How to complete this task ->
Starting with the line that contains "Шапка шлем bungly boo", repeat each line exactly through the final line of the listing. No picture should appear in the copy.

The data ->
┌────────

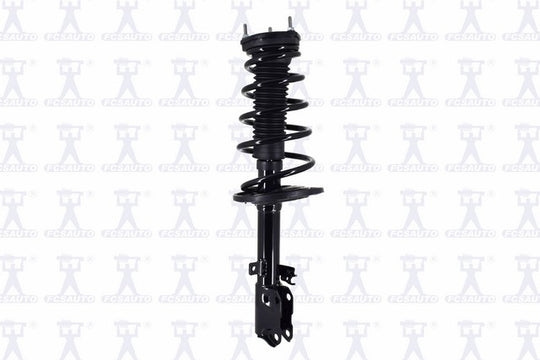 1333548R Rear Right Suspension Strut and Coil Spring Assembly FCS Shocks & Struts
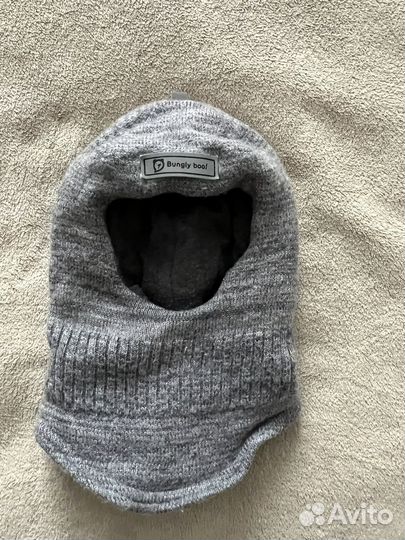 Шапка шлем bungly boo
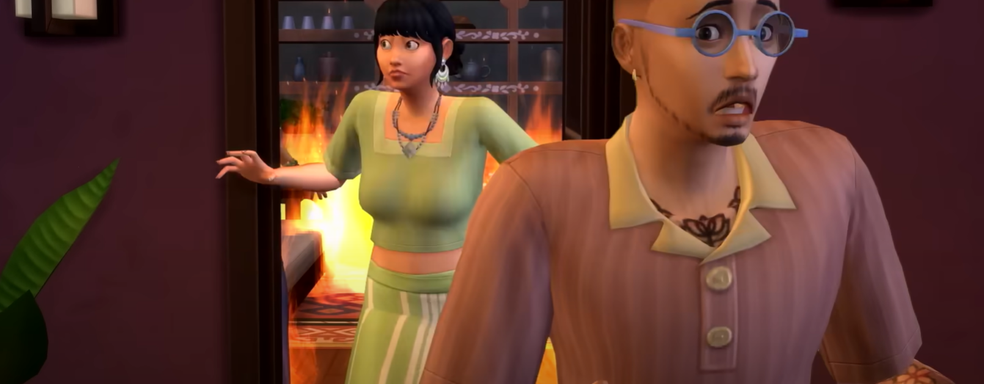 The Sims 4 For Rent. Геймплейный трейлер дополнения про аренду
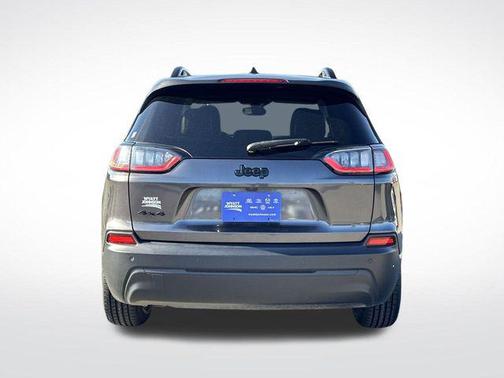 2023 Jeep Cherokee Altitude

└────────

Completed task ->
 Шапка шлем bungly boo
 The Sims 4 For Rent. Геймплейный трейлер дополнения про аренду
 2023 Jeep Cherokee Altitude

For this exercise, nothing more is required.